Assignment — The records follow. Copy them exactly, but omit the pictures.

Items from a dataset
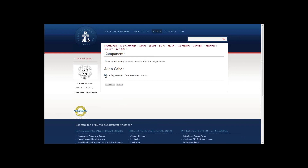The components page is the next page commissioners and advisory delegates see. Observers and others who started from the generic registration link will see a prior page to select their role. When you start with your personal email link, the process skips that step since your role is already known. Everyone selects a component as they register, even if there is only one option. For commissioners and advisory delegates, the registration fee is waived, so the fee shows as zero.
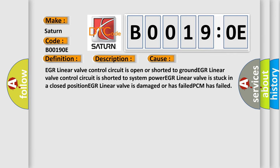EGR linear valve control circuit is open or shorted to ground. EGR linear valve control circuit is shorted to system power. EGR linear valve is stuck in a closed position. EGR linear valve is damaged or has failed. PCM has failed.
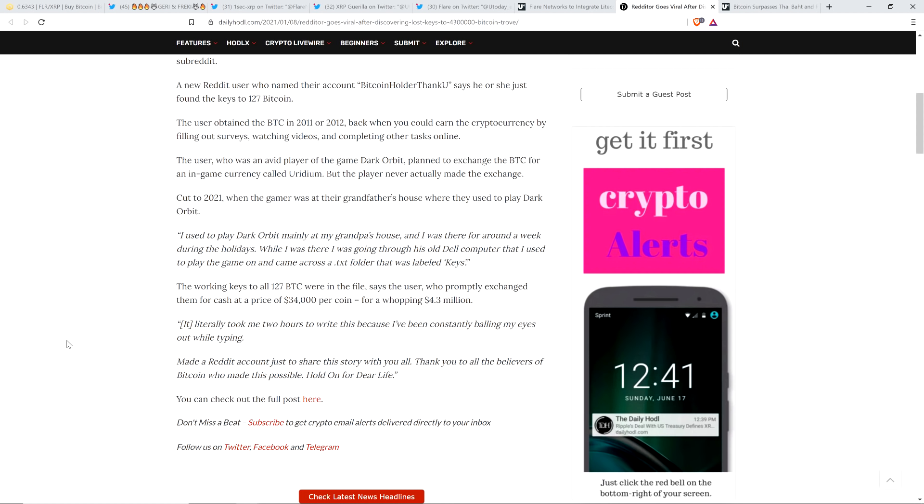While I was there, I was going through this old Dell computer that I used to play the game on and came across a text folder that was labeled keys. The working keys to all 127 Bitcoin were in the file, says the user.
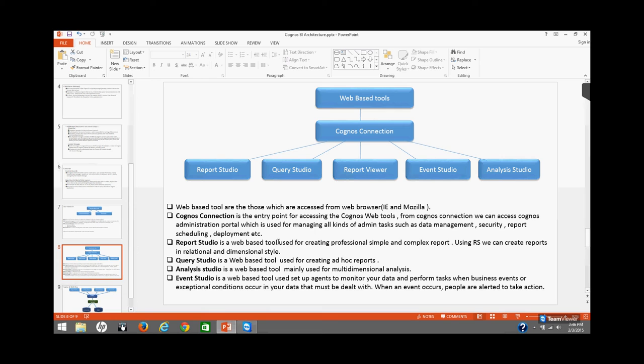The various web-based tools, also known as reporting tools, are Report Studio, Query Studio, Analysis Studio, and Event Studio. Report Studio is a web-based tool used for creating professional, simple, and complex reports.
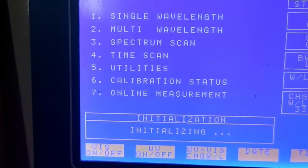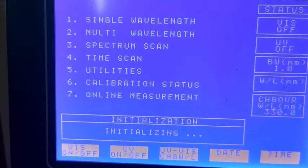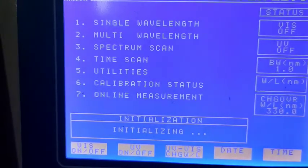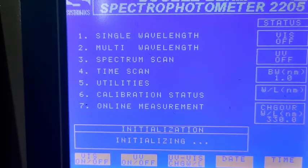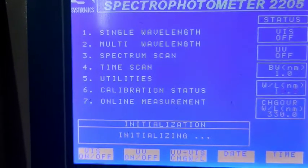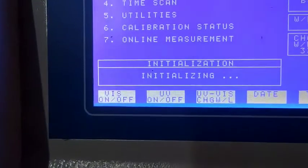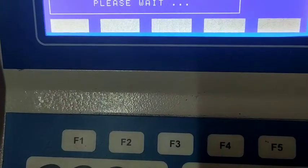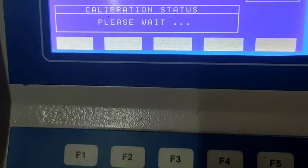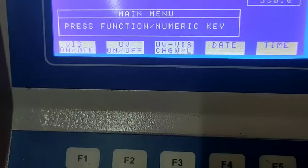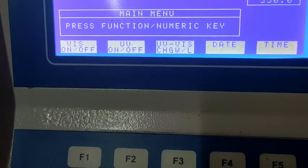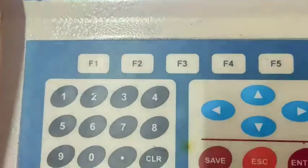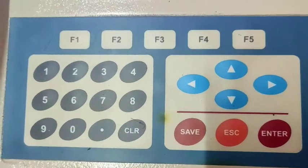At the bottom of the display you can see five more options: visible on/off (visible lamp), UV on/off (UV lamp), UV-visible, date and time. You can check the status of which lamp is on and which is not. There are five keys at the bottom corresponding to these five display items — the first corresponds to F1, UV on to F2, UV-visible to F3, and so on.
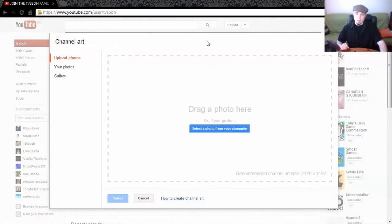The next thing you want to do is download the YouTube template that they've provided — I've also put that in the description below. So pause the video, download that, and we'll continue from here.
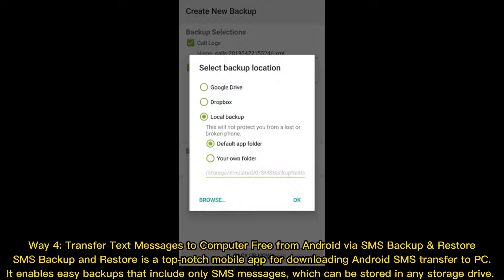Way 4: Transfer text messages to computer free from Android via SMS Backup and Restore. SMS Backup and Restore is a top-notch mobile app for downloading Android SMS to PC. It enables easy backups that include only SMS messages, which can be stored in any storage drive.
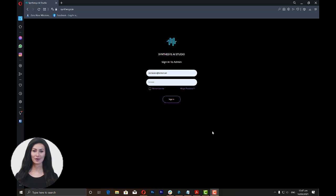In this video, I'm going to walk you through Human Synthesis Studio and show you how to create a video using this amazing tool.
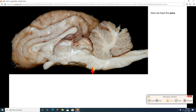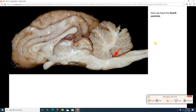Going back a little bit, we've got our pons. So we had midbrain, then pons. Then we went up to the cerebellum — we see the beautiful white matter, the arboreal white matter called the arborvitae, the white matter of the cerebellum. There's our fourth ventricle. We can also see our medulla oblongata right there and our spinal cord. And that is everything in the sheep brain.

Expected output —
The components page is the next page commissioners and advisory delegates see. Observers and others who started from the generic registration link will see a prior page to select their role. When you start with your personal email link, the process skips that step since your role is already known. Everyone selects a component as they register, even if there is only one option. For commissioners and advisory delegates, the registration fee is waived, so the fee shows as zero.
EGR linear valve control circuit is open or shorted to ground. EGR linear valve control circuit is shorted to system power. EGR linear valve is stuck in a closed position. EGR linear valve is damaged or has failed. PCM has failed.
While I was there, I was going through this old Dell computer that I used to play the game on and came across a text folder that was labeled keys. The working keys to all 127 Bitcoin were in the file, says the user.
The various web-based tools, also known as reporting tools, are Report Studio, Query Studio, Analysis Studio, and Event Studio. Report Studio is a web-based tool used for creating professional, simple, and complex reports.
At the bottom of the display you can see five more options: visible on/off (visible lamp), UV on/off (UV lamp), UV-visible, date and time. You can check the status of which lamp is on and which is not. There are five keys at the bottom corresponding to these five display items — the first corresponds to F1, UV on to F2, UV-visible to F3, and so on.
The next thing you want to do is download the YouTube template that they've provided — I've also put that in the description below. So pause the video, download that, and we'll continue from here.
Way 4: Transfer text messages to computer free from Android via SMS Backup and Restore. SMS Backup and Restore is a top-notch mobile app for downloading Android SMS to PC. It enables easy backups that include only SMS messages, which can be stored in any storage drive.
In this video, I'm going to walk you through Human Synthesis Studio and show you how to create a video using this amazing tool.
Going back a little bit, we've got our pons. So we had midbrain, then pons. Then we went up to the cerebellum — we see the beautiful white matter, the arboreal white matter called the arborvitae, the white matter of the cerebellum. There's our fourth ventricle. We can also see our medulla oblongata right there and our spinal cord. And that is everything in the sheep brain.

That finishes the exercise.